Her lush color photography and candid style demand that the viewer go beyond the surface to encounter a profound intensity. As Goldin writes: “Real memory, which these pictures trigger, is an invocation of the color, smell, sound, and physical presence, the density and flavor of life.” Through an accurate and detailed record of her life, Ballad reveals Goldin’s personal odyssey as well as a more universal understanding of the different languages men and women speak, and the struggle between autonomy and dependency.
Over the past twenty-five years, the influence of Ballad on photography and other aesthetic realms has continually grown, making the work a contemporary classic. Nan Goldin’s story of urban life on the fringe was the swan song of an era that reached its peak in the early eighties. Yet it has captured an important element of humanity that is transcendent: a need to connect. This new paperback edition of The Ballad of Sexual Dependency has been printed using new scans and separations created by master separator Robert Hennessey from Goldin’s original transparencies, rendering them with unparalleled sumptuousness and impact.

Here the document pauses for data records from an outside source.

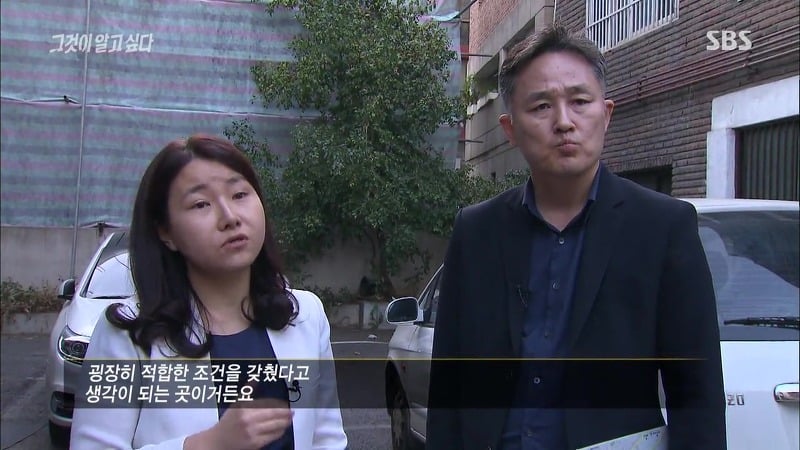 [그것이알고싶다] 엽기토끼와 신발장 - 신정동 연쇄살인사건의 마지막 퍼즐 | 인스티즈
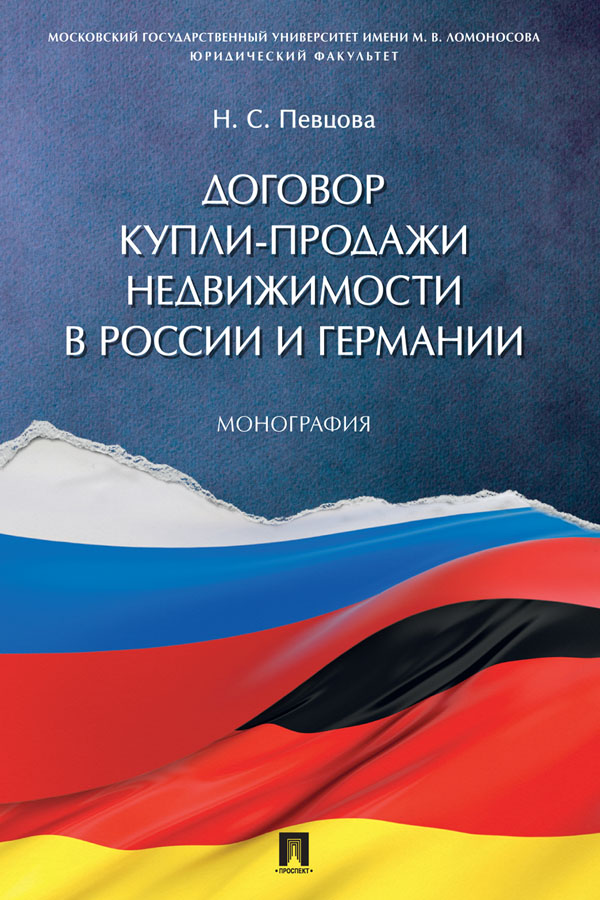 Договор купли-продажи недвижимости в России и Германии : монография ISBN 978-5-392-31007-4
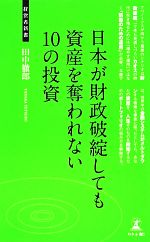 【中古】 日本が財政破綻しても資産を奪われない10の投資 経営者新書／田中徹郎【著】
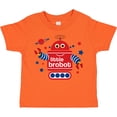 thumbnail image 3 of Inktastic Robot Little Brother Boys Toddler T-Shirt, 3 of 5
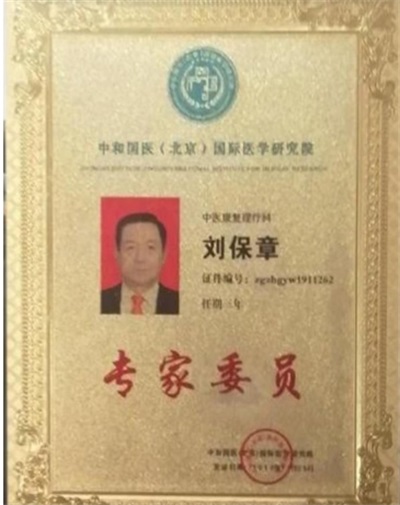 “御手堂”刘保章中医大师简介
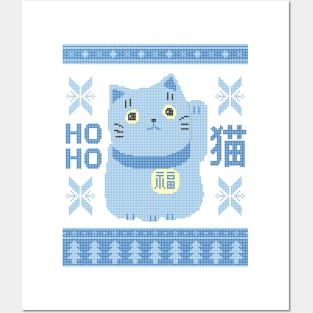 Pastel Blues Japanese Cat Maneki Neko Kawaii Ugly Christmas Sweater Design Posters and Art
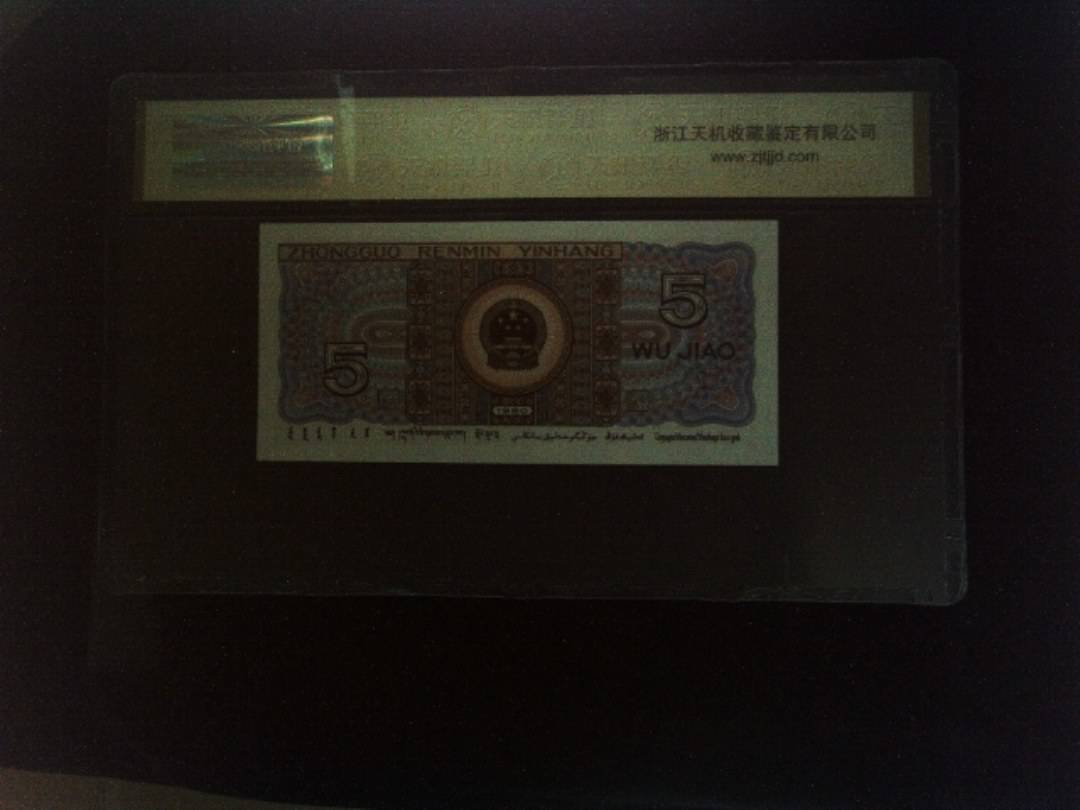 1980年 伍角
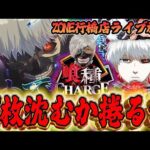 初日17枚ぶっ飛びを今日で救う！！e東京喰種気合のガチ実践inZONE行橋店さん！むるおか君のパチ＆スロライブ配信2025/11/21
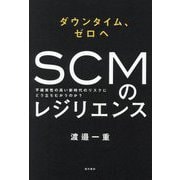 ダウンタイム、ゼロへ SCMのレジリエンス [単行本]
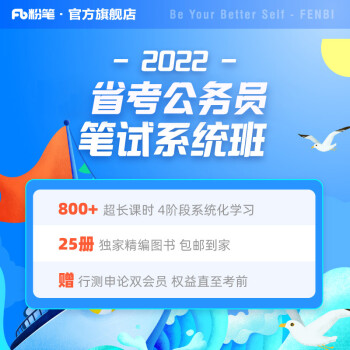 粉笔公考 2022年省考公务员各省课程系统班视频笔试题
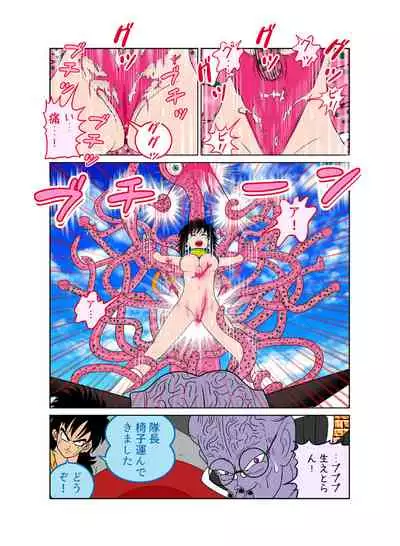 Sawarite no Kuni Shippo no tsuita Sentoushuzoku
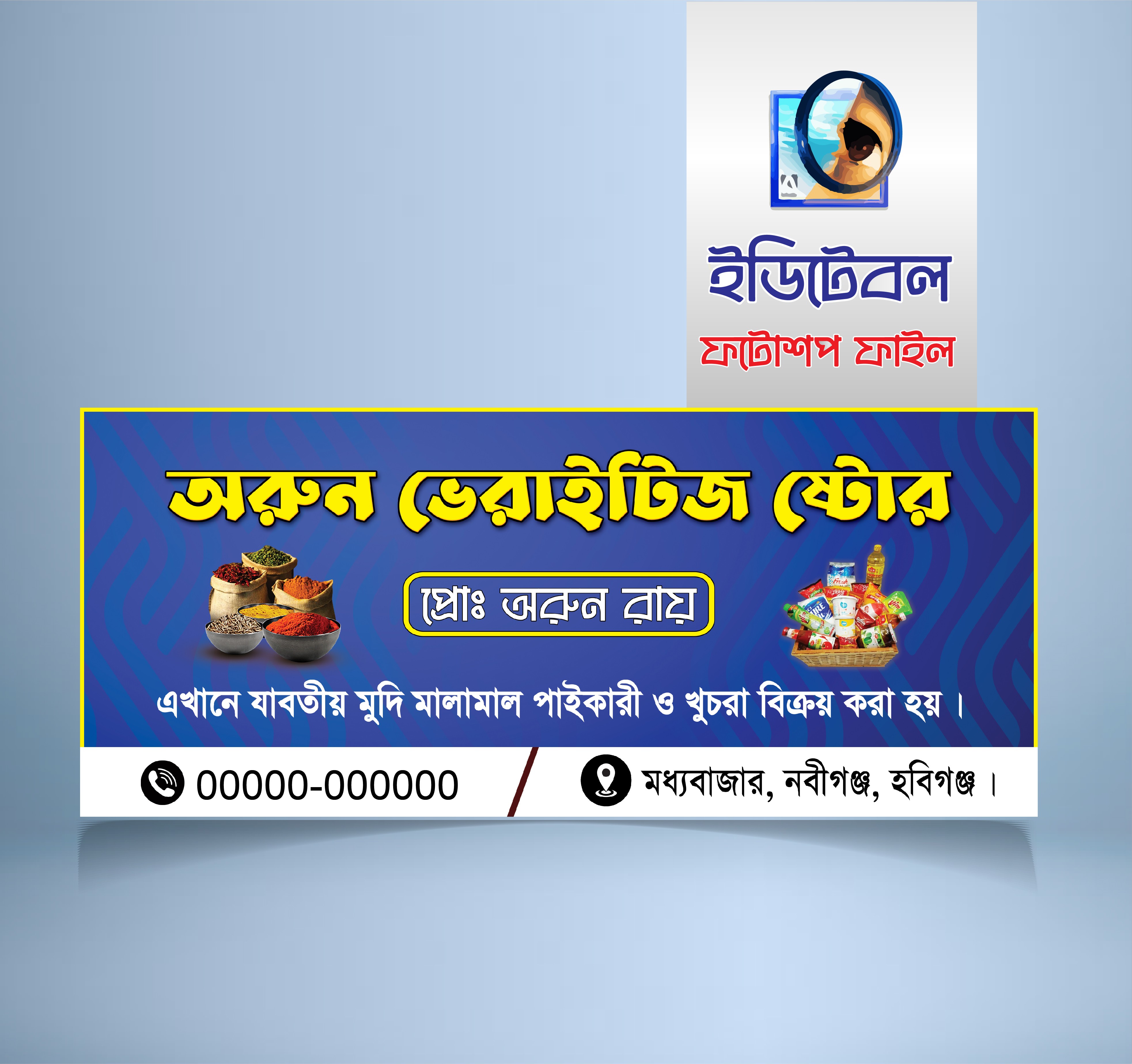 ভেরাইটিজ ষ্টোরের সাইন বোর্ড ডিজাইন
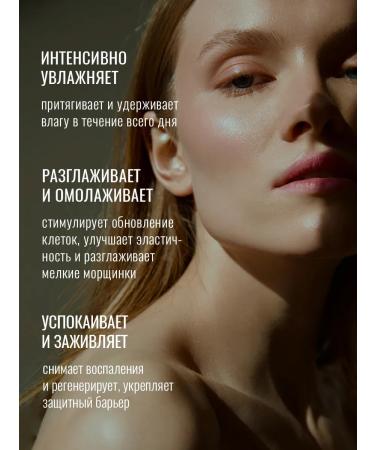 Seauty A serum for the face moisturizes with hyaluronic acid 30 ml - Buy Online on GoSupps.com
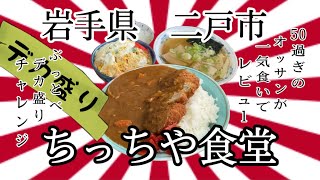 50過ぎのオッサンですが、岩手県二戸市ちっちや食堂さんで、ぶっとべデカ盛りチャレンジと、誘惑に負けてしまいました💦 #岩手 #二戸 #ラーメン #大食い #チャレンジ #デカ盛り #グルメ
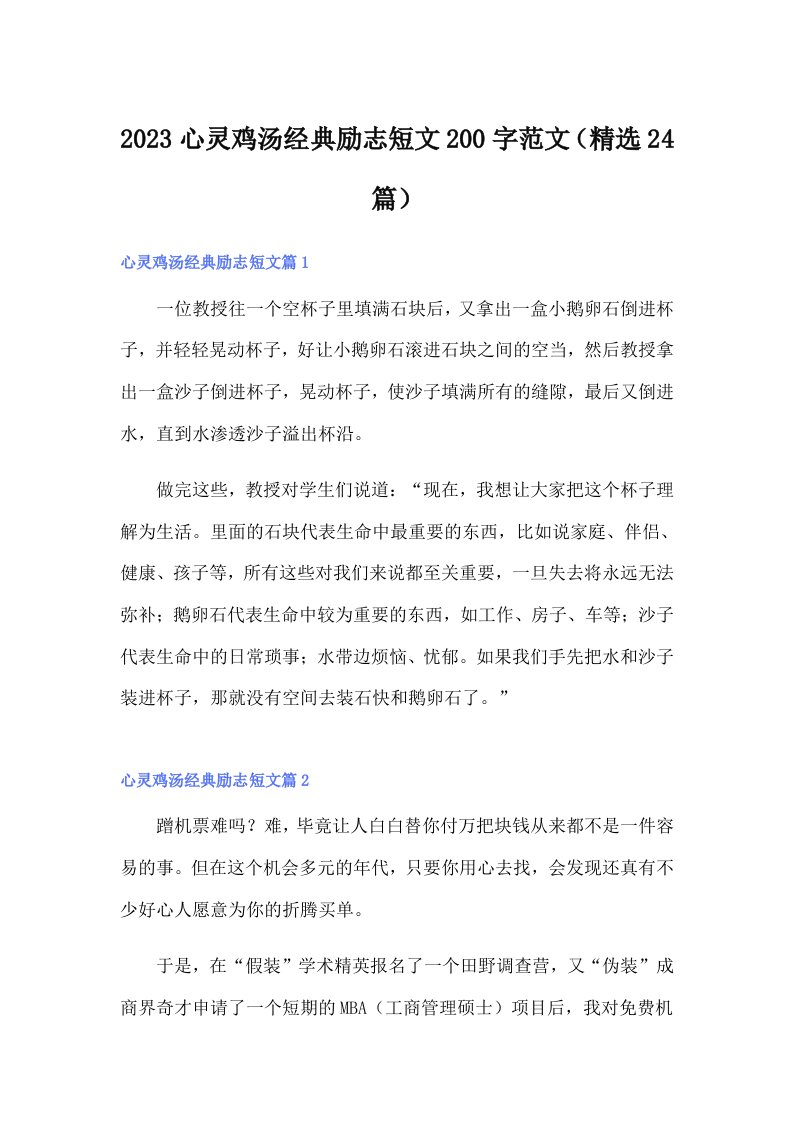 2023心灵鸡汤经典励志短文200字范文（精选24篇）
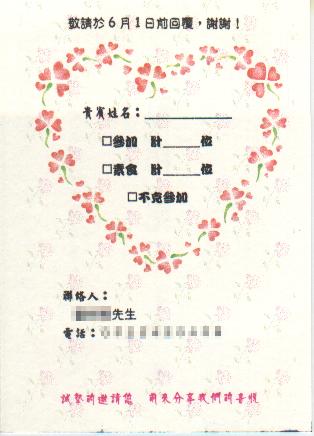 forum_user_exchange_257688.JPG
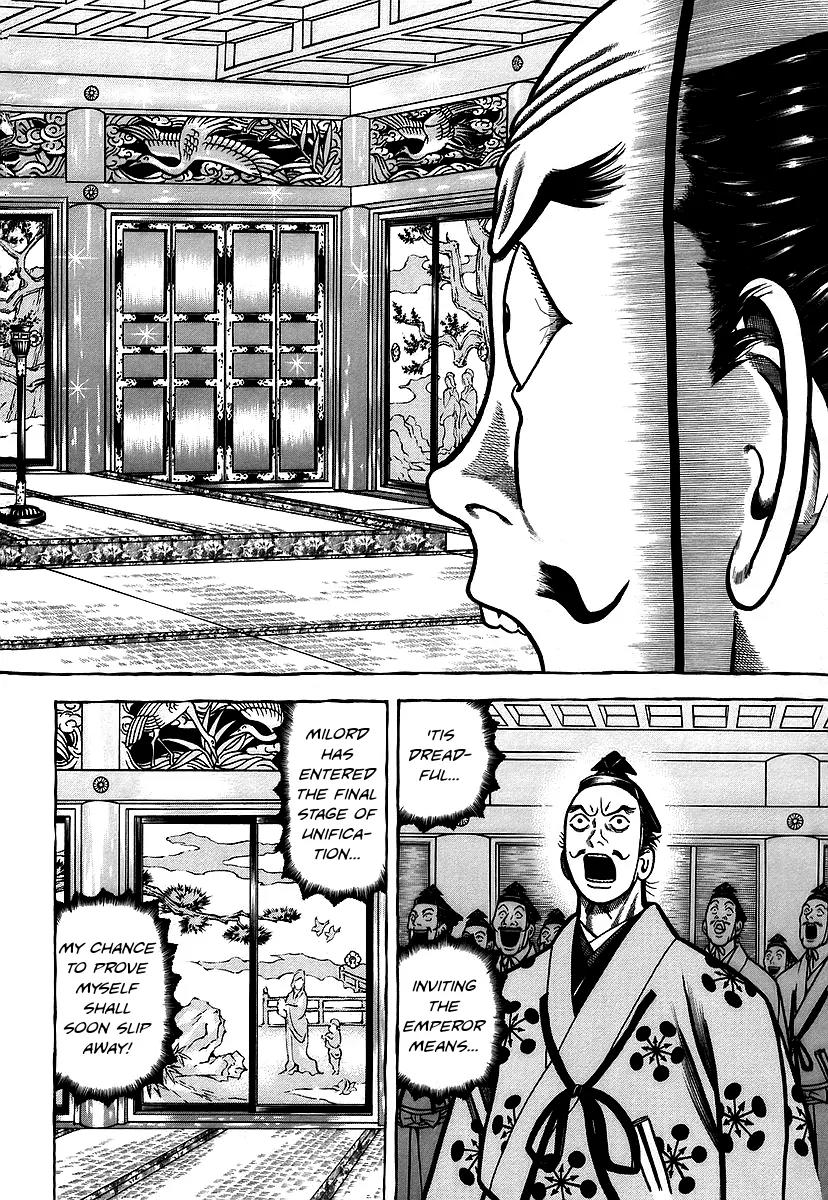 Hyougemono Chapter 11 page 2 - Chapter 11: Fate '82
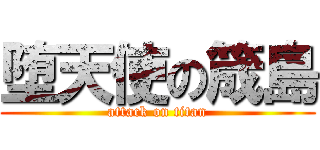 堕天使の筬島 (attack on titan)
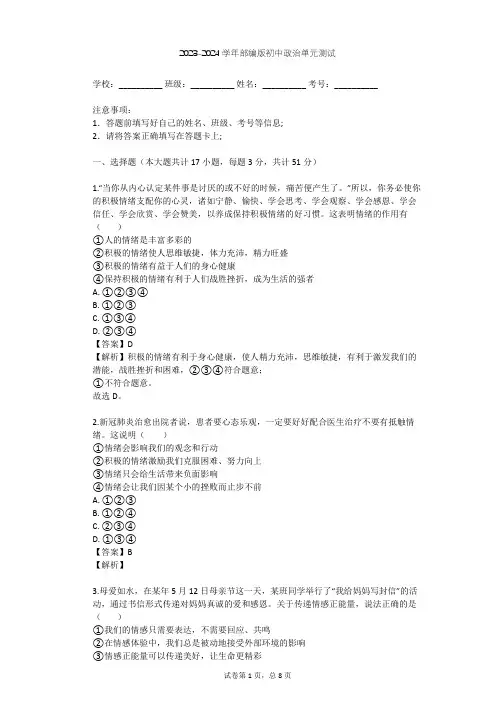 2023-2024学年初中政治部编版七年级下第二单元 做情绪情感的主人单元测试(含答案解析)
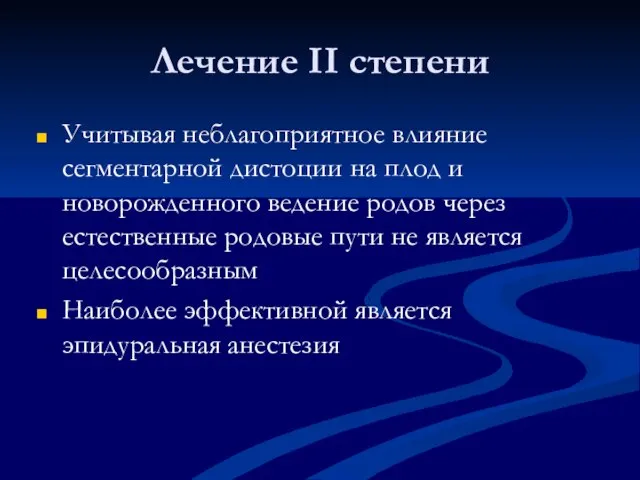 Лечение II степени Учитывая неблагоприятное влияние сегментарной дистоции на плод и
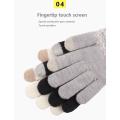 Winter Touch Screen Knitted Woolen Gloves For Men And Women To Keep Warm And Plush Thick Jacquard Knitted Gloves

Nan Goldin (born in Washington, D.C., 1953) began photographing at the age of fifteen. She received a BFA from the School of the Museum of Fine Arts, Boston, in 1977. In 1978 she moved to New York, where she continued to document her “extended family.” These photographs, along with those taken in London, Berlin, and Provincetown, Massachusetts, became the subject of her slide shows and first book, The Ballad of Sexual Dependency (1986). Goldin’s other books include The Other Side (1993), Ten Years After (1997), and The Beautiful Smile (2008). In 1985 her work was included in the Whitney Museum of American Art’s biennial. A decade later, in 1996, a major retrospective of her work opened at the Whitney, and toured to museums throughout Europe. That same year a documentary about her life and work, I’ll Be Your Mirror, made in collaboration with Edmund Coulthard, was awarded a Teddy Award for Best Essay at the Berlin Film Festival. In 2001 a second retrospective of her work, Le Feu Follet, was held at the Centre Pompidou, Paris, and toured internationally as The Devil’s Playground. In 2006, Goldin was awarded the Commandeur des Arts et des Lettres by the French government. And, in 2007, she received the Hasselblad Award in Photography. Goldin’s most recent slide show, Scopophilia, was commissioned by the Louvre and shown there in 2010. Goldin lives in Berlin, Paris, and New York.